I am trying to remove the ID's from URLs so that they can be counted in reporting. With the ID's included they are counted as unique urls when they are not. i.e. there are 1000's instead of 10's

so I would like to take a URL like this

https://www.website.co.uk/page/home-page/id93847562

and cut off the ID so it is like this

https://www.website.co.uk/page/home-page/

the length of URL varies so I cannot cut using a certain amount of characters from the end or start or use a set amount of backslashes.

I am trying to change the URLS in a column in a pandas dataframe.

the closest to an answer here i could find was this: extract id from the URL using Python

but I haven't been able to translate it to my scenario

here's my code

df.loc[df['URL'].str.contains('id'),'URL' = 'URL'[:id]

I've tried to write ' if the URL string contains 'id' replace with the URL from start to id.

the error I get is:

File "<ipython-input-18-42dc8b2df1ff>", line 3
    df.loc[df['URL'].str.contains('id'),'URL' = 'URL'[:id]
                                              ^
SyntaxError: invalid syntax

any ideas what I can do to make it work?

thank you in advance for any help and advice

Mizz H
  • 67
  • 6

3 Answers3

2

You can use str.replace

df['url'] = df['url'].str.replace('\/id.*', '/', regex=True)

Output:

                                         url
0  https://www.website.co.uk/page/home-page/
deadshot
  • 8,881
  • 4
  • 20
  • 39
  • 1
    perfect deadshot thank you. worked first attempt and is in a format I can use to do similar edits. – Mizz H Sep 27 '20 at 12:02
  • 1
    which comma are you talking about? this may help [str.replace](https://pandas.pydata.org/pandas-docs/stable/reference/api/pandas.Series.str.replace.html) – deadshot Sep 27 '20 at 12:14
1

You can do rsplit with optional parameter n=1 to limit the number of splits:

df['URL'] = df['URL'].str.rsplit('/', n=1).str[0]

0    https://www.website.co.uk/page/home-page
Name: URL, dtype: object
Shubham Sharma
  • 68,127
  • 6
  • 24
  • 53
1

are the IDs always following a forward slash and at the end of the string?

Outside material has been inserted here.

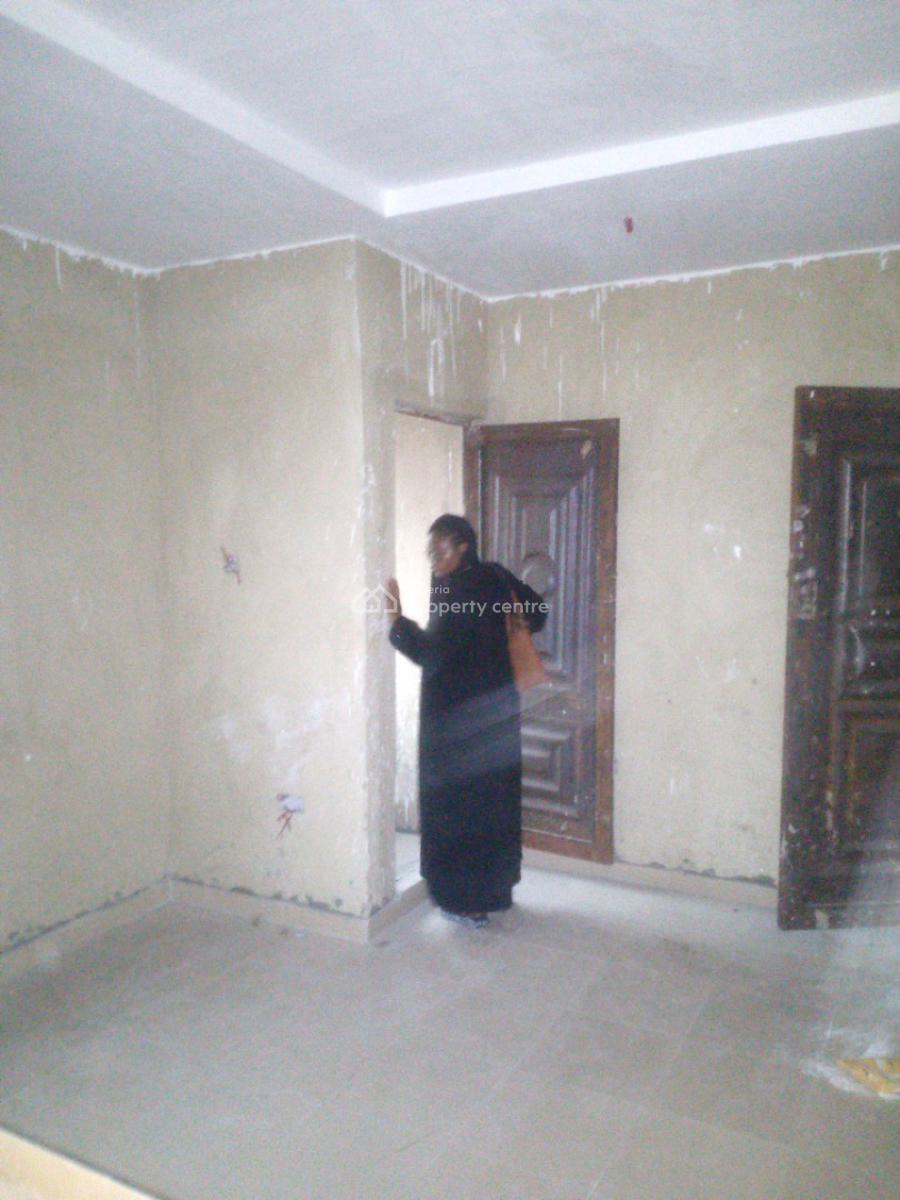 Self Contain, Lawerson, Surulere, Lagos, Self Contain (single Rooms) for Rent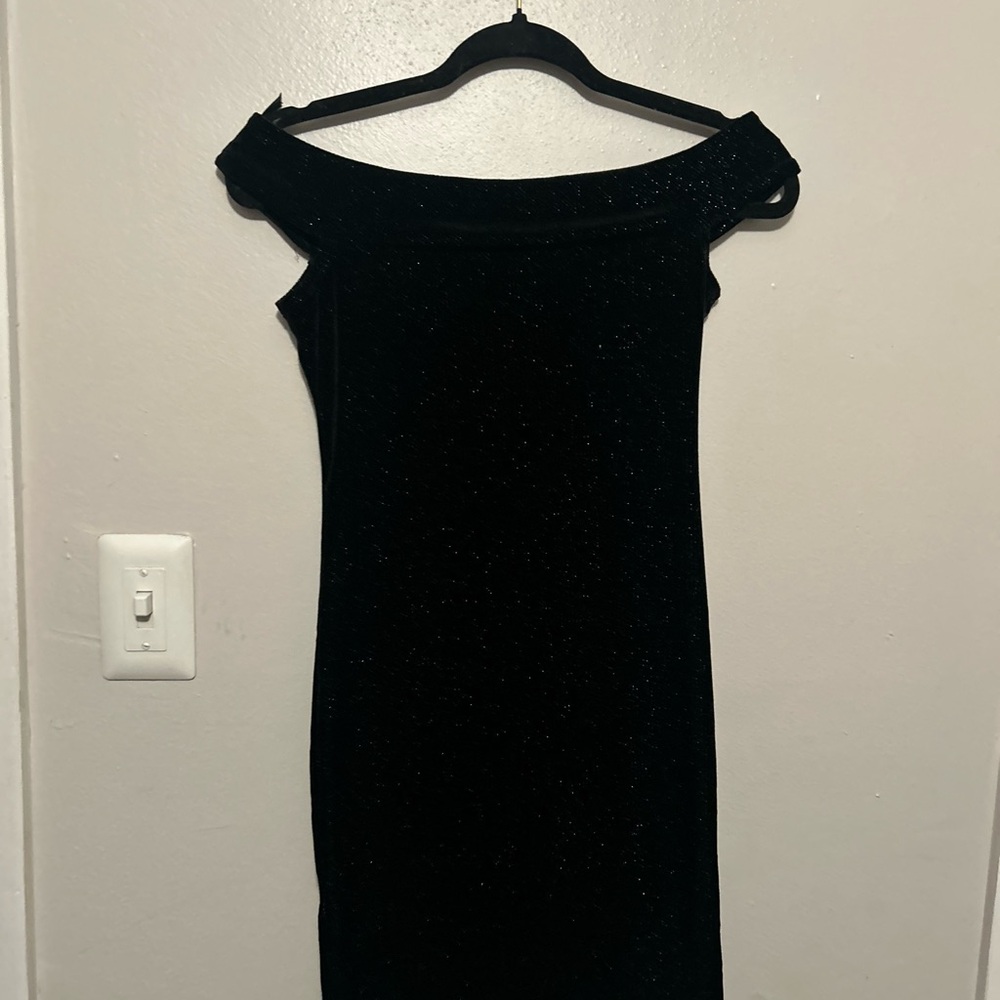 Forever 21 Black Off-Shoulder Sheath Dress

The following code works for me (with those assumptions). I also added a restriction that following "id" there has to be 2-10 digits, but you can of course edit that to fit your use case. Good luck! :)

import re
import pandas as pd

df = pd.DataFrame({"url": ["https://www.website.co.uk/page/home-page/id93847562"]})
df["url"] = df["url"].map(lambda x: re.sub(r"/id[0-9]{2,10}$", "/", x))
df
SOwla
  • 376
  • 2
  • 9
  • df["URL"] = df["URL"].map(lambda x: re.sub(r"/id[0-9]{2,10}$", "/", x)) but it gives: TypeError: expected string or bytes-like object – Mizz H Sep 27 '20 at 11:59
  • strange.. it works in my notebook, but I'm new to python, so I'm not sure where our differences might've come from.. Glad the other answers worked (I didn't see them before submitting mine)! – SOwla Sep 27 '20 at 12:05
  • could be me, I'm new too! – Mizz H Sep 27 '20 at 12:13